Der New Yorker Marathon ist, sei es ob seiner Teilnehmer im Rennen, sei es ob seiner Zuschauer draußen auf den Straßen, der internationalste der Welt.

Ein Ereignis ganz besonderer Art ist schon der Breakfast-Run am Samstagmorgen um 8 Uhr. Schon dieser Lauf allein verströmt eine Atmosphäre , wie man sie bei sonst keinem Rennen findet. Seitlich des UNO-Gebäudes versammeln sich die ausländischen Läufer hinter ihren Landesflaggen.

Anschließend laufen tausende ausländische Starter im gemütlichen Trab über die 42te Straße und die 6. Avenue quer durch Manhattan zum Südende des Central Parks. Der Lauf über fünf Meilen endet in dem riesigen Parkrestaurant „Tavern on the Green“, wo ein Frühstück vorbereitet ist. Für diesen Lauf muss man eine eigene Startnummer tragen, die zum Eintritt ins Restaurant bzw. die danebenliegenden großen Zelte berechtigt. Nach dem Frühstück gibt es für jeden ein T-Shirt, das meist zu groß ist. In kameradschaftlicher Stimmung begegnen sich hier Volksläufer aus aller Welt und eingeladene Spitzenläufer.

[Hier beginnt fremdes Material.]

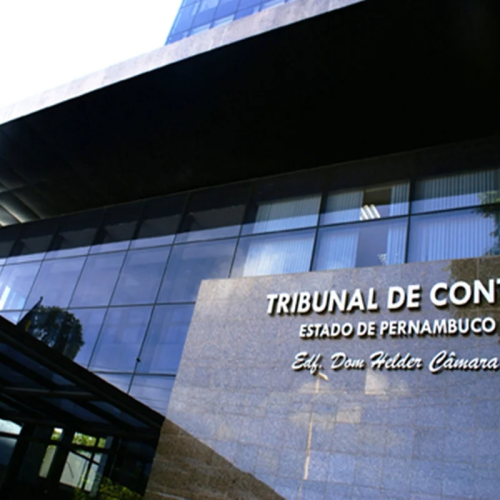 🏛️ Auditoria Aponta Possível Prejuízo de R$ 16 Milhões em Contratos da Educação na Gestão João Campos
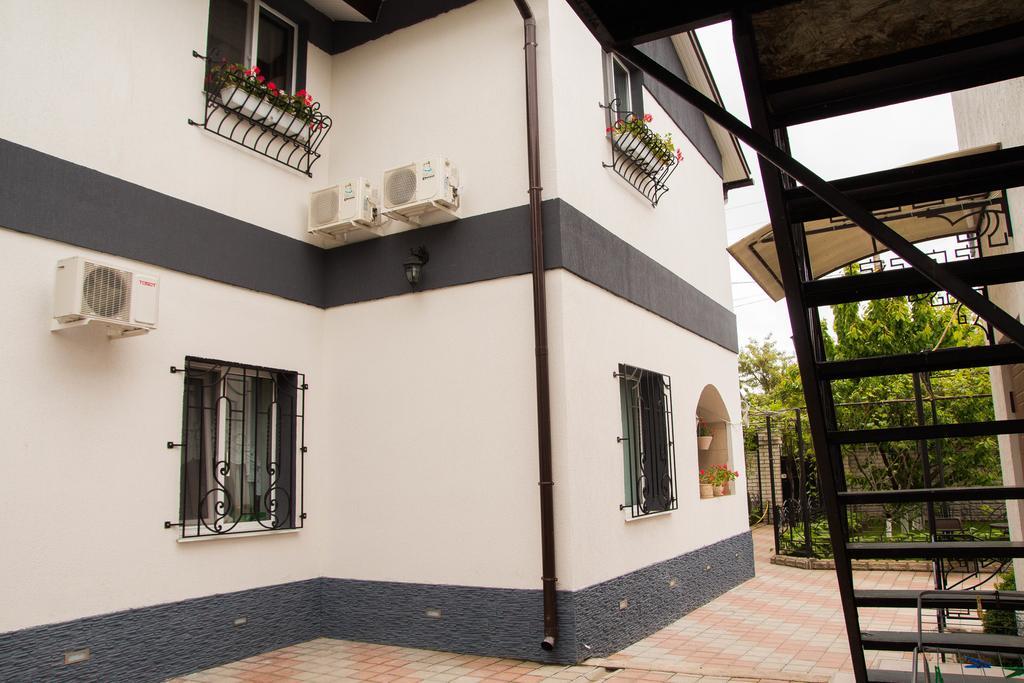 Yuzhniy Dvorik Aparthotel โอเดสซา ภายนอก รูปภาพ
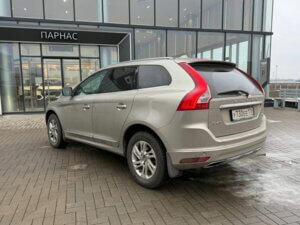 Volvo XC60 2016 2.4d AT (190 л.с.) 4WD Summum c пробегом - фото 4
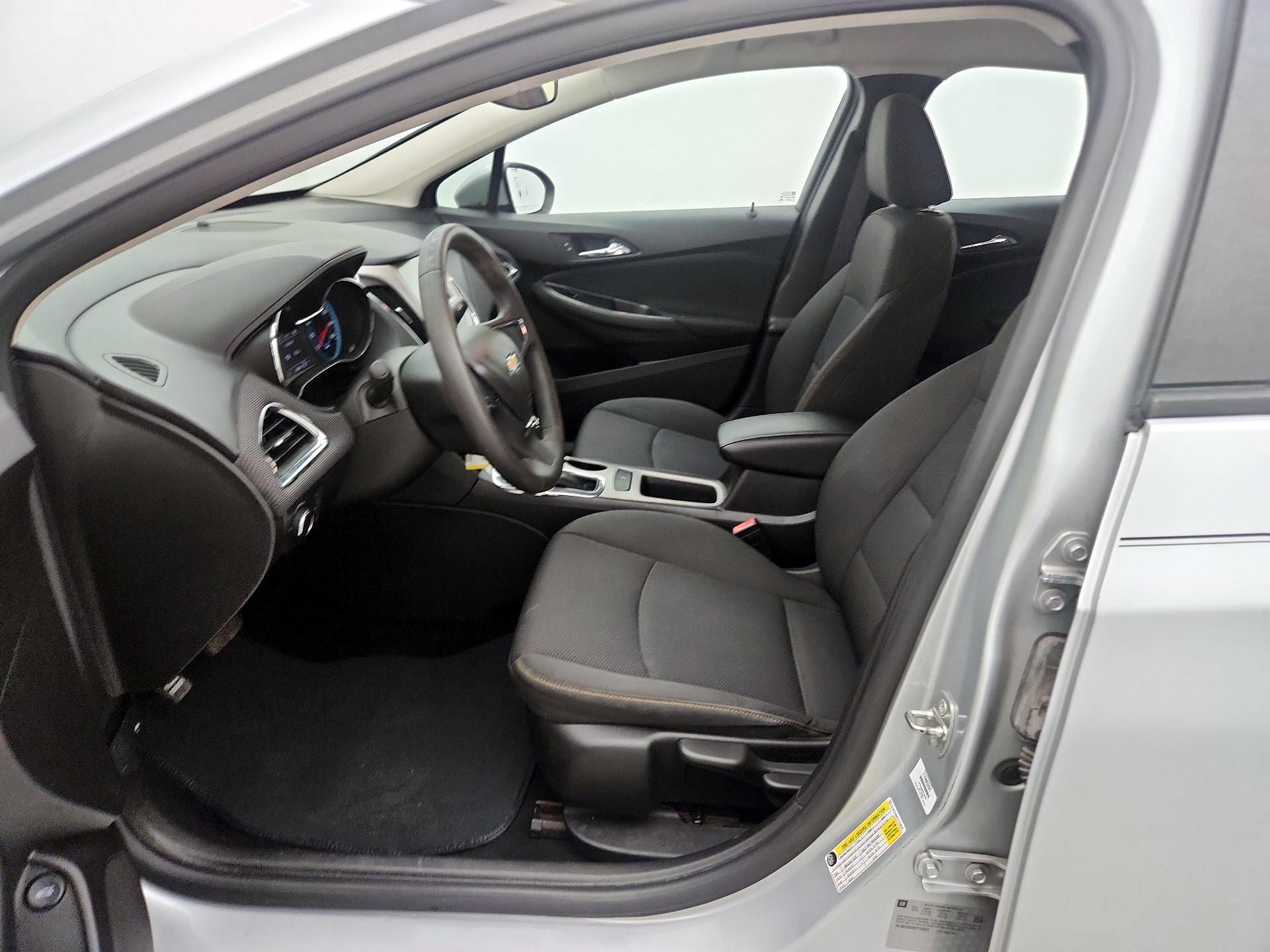 Thumbnail: 2017 Chevrolet Cruze - 11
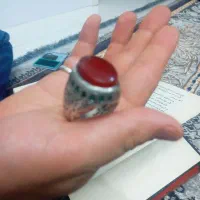 عقیق یمن وفیروزه نیشابور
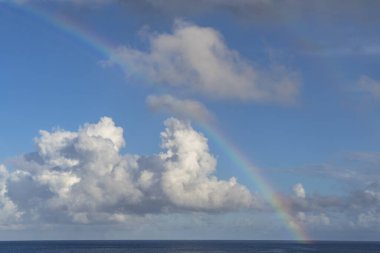 Karayipler 'de gökkuşağı ve bulutların manzarası
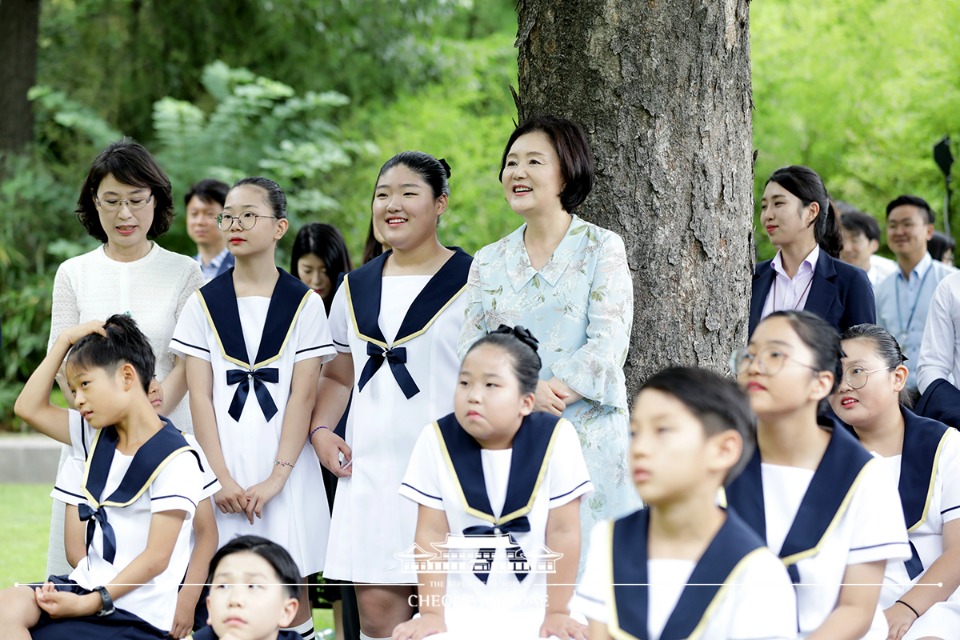 김정숙 여사가 10일 오후 청와대 소정원에서 아동양육시설 초중생으로 구성된 논산파랑새합창단 공연을 관람하고 있다. 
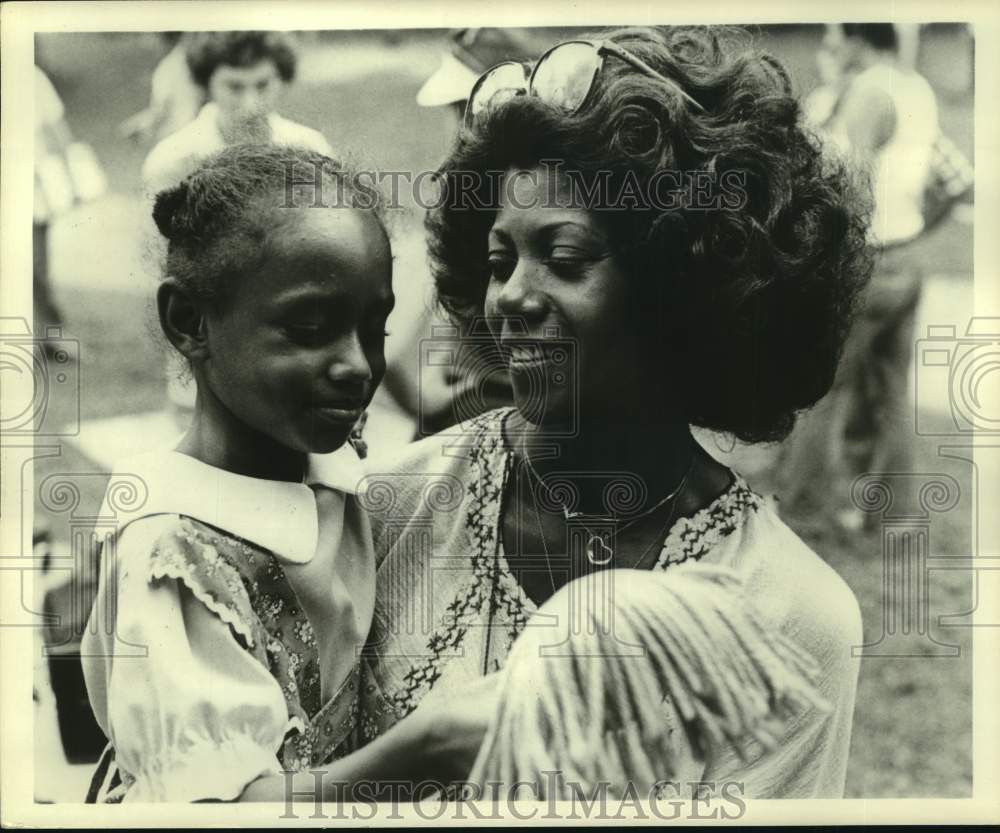 Press Photo Olympic track star Wilma Rudolph and child actress Piper Carter- Historic Images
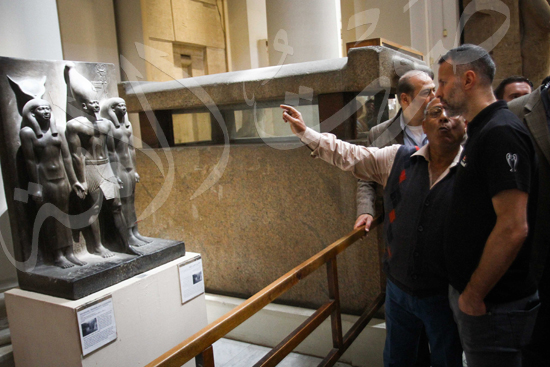 زياره رايان جيجز للمتحف المصري (28)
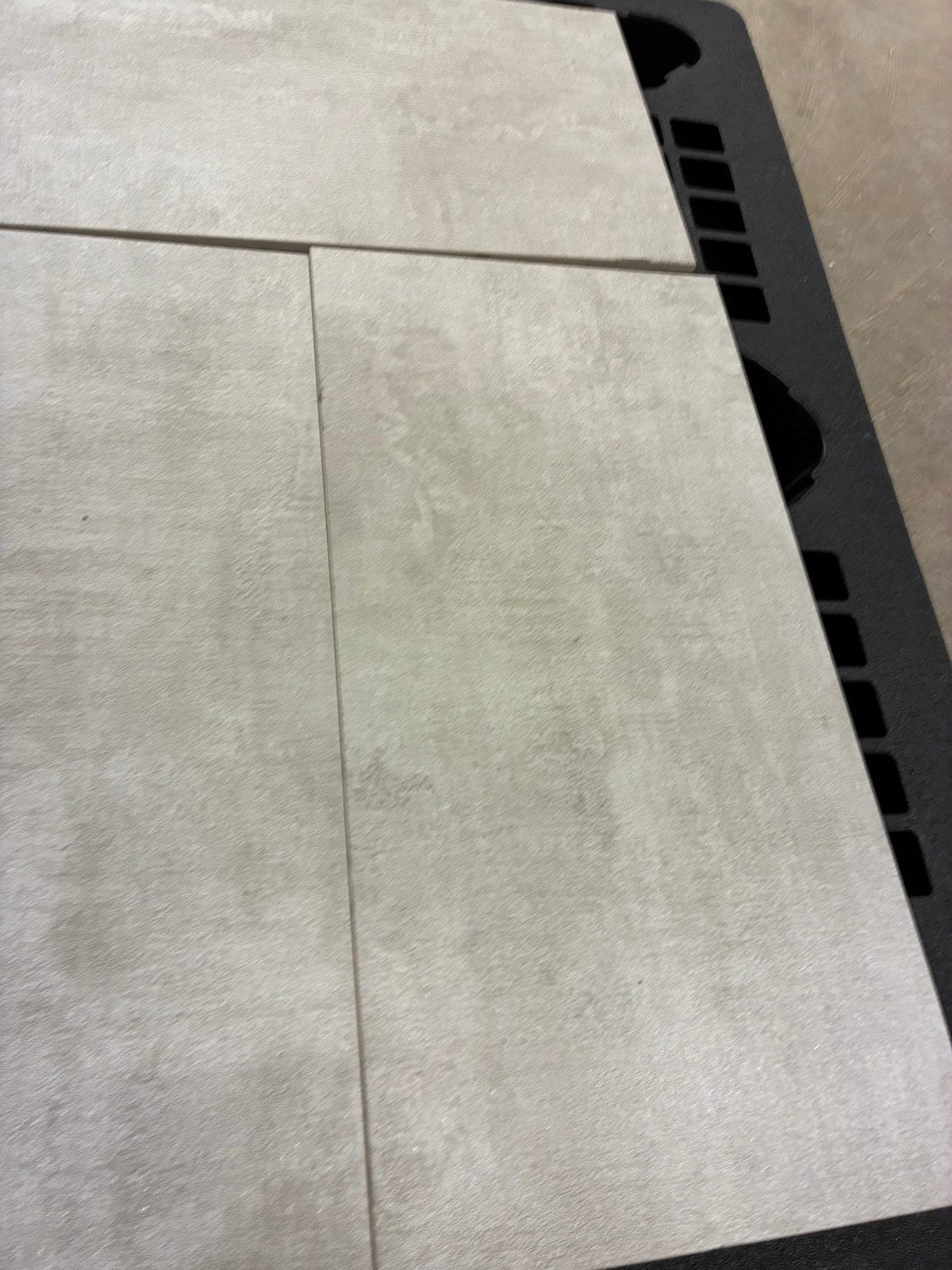 Nieuwe beton look tegels 5,4 m2, Ophalen, 60 cm of meer, Keramiek, Nieuw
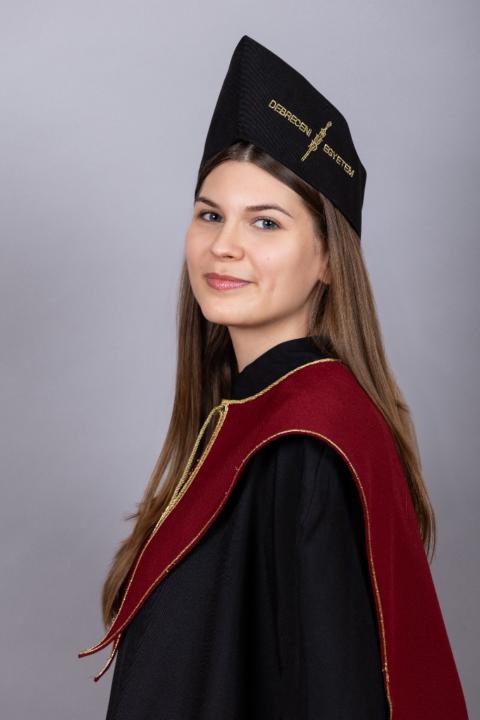 Virág Csernus
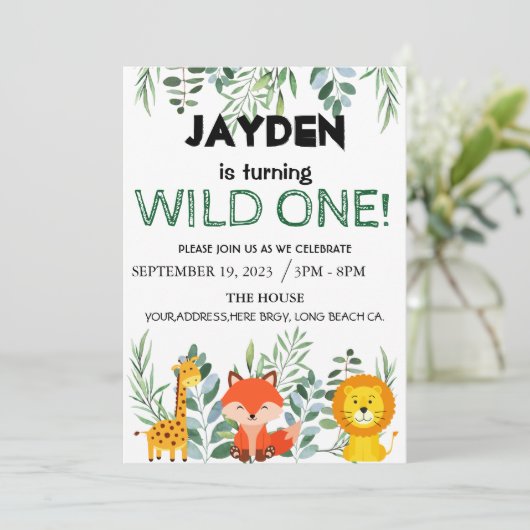 Modern Oerwoud Safari Editable Birthday Kaart (Staand voorkant)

Am Tag des Rennens heißt es früh aufstehen. Die Startnummer ist gleichzeitig das Ticket für eine organisierte Busfahrt zum Militärcamp Fort Wadworth in Staten Island. Die letzten Busse fahren kurz vor acht Uhr. Auf dem Fort stehen Zelte, die Turnhalle ist nur für Spitzenläufer reserviert. Mit großer Gelassenheit warten die amerikanischen Läufer hier auf den Start. Eine Spezialität ist es, alte Trainingsanzüge mitzunehmen und diese dann kurz vor oder nach dem Start wegzuwerfen. Da es an diesen Herbstmorgen trotz „Indian Summer“, dem Gegenstück zu unserem Altweibersommer, oft empfindlich kühl ist, kann auch ein Müllsack, in dem man eine Öffnung für den Kopf ausgeschnitten hat, eine wichtige Hilfe sein.

Ehe ich mich ins Gewühl stürze und versuche, die Pforte zwischen den Drahtzäunen in Richtung „Verrazano“ zu erreichen, läuft noch einmal ein Bild vor meinem Auge ab. Gestern Abend auf dem Empire State Building mit dem prächtigen Rundblick auf ganz New York konnte ich kurz vor Sonnenuntergang mit dem Auge die ganze Strecke erfassen, denn die Sicht war, wie es eine Leuchtschrift verhieß, „unlimited“. Ganz im Süden, weit weg noch von der aus dieser Sicht eher mickrig wirkenden Freiheitsstatue, liegt die riesige Verrazano-Narrows-Brücke, über die wir hineinlaufen nach Brooklyn, dort links abbiegen und dann ins Zentrum von Brooklyn vorstoßen, in einem Bogen um Süd-Manhattan herumlaufen, ehe wir nach der Halbzeit kurz das feine Queens berühren. Die Queensboro-Brücke bildet dann das horizontale Gegengewicht zu den Wolkenkratzern. Das nördliche Manhattan ist auf der First Avenue erreicht, doch es geht weiter nach Norden und wieder östlich in die Bronx und zurück zum langen Schlussstück durch Harlem und den Central-Park. Unscheinbar im Schatten schon liegen die Bronx von der Höhe aus, doch die kleinen Eisenbrücken raus und rein über den Hudson und die schlechten Straßen dort sind für viele Läufer der Knackpunkt des Rennens – km 32-35, ausgerechnet da, wo die Kohlehydratreserven des Körpers aufgebraucht sind, man die berühmte Mauer durchdringt, kommt man ins unsympathischste Viertel von New York, dort, wo sich auch die wenigsten Leute dafür interessieren, sich als Zuschauer am Straßenrand einzureihen.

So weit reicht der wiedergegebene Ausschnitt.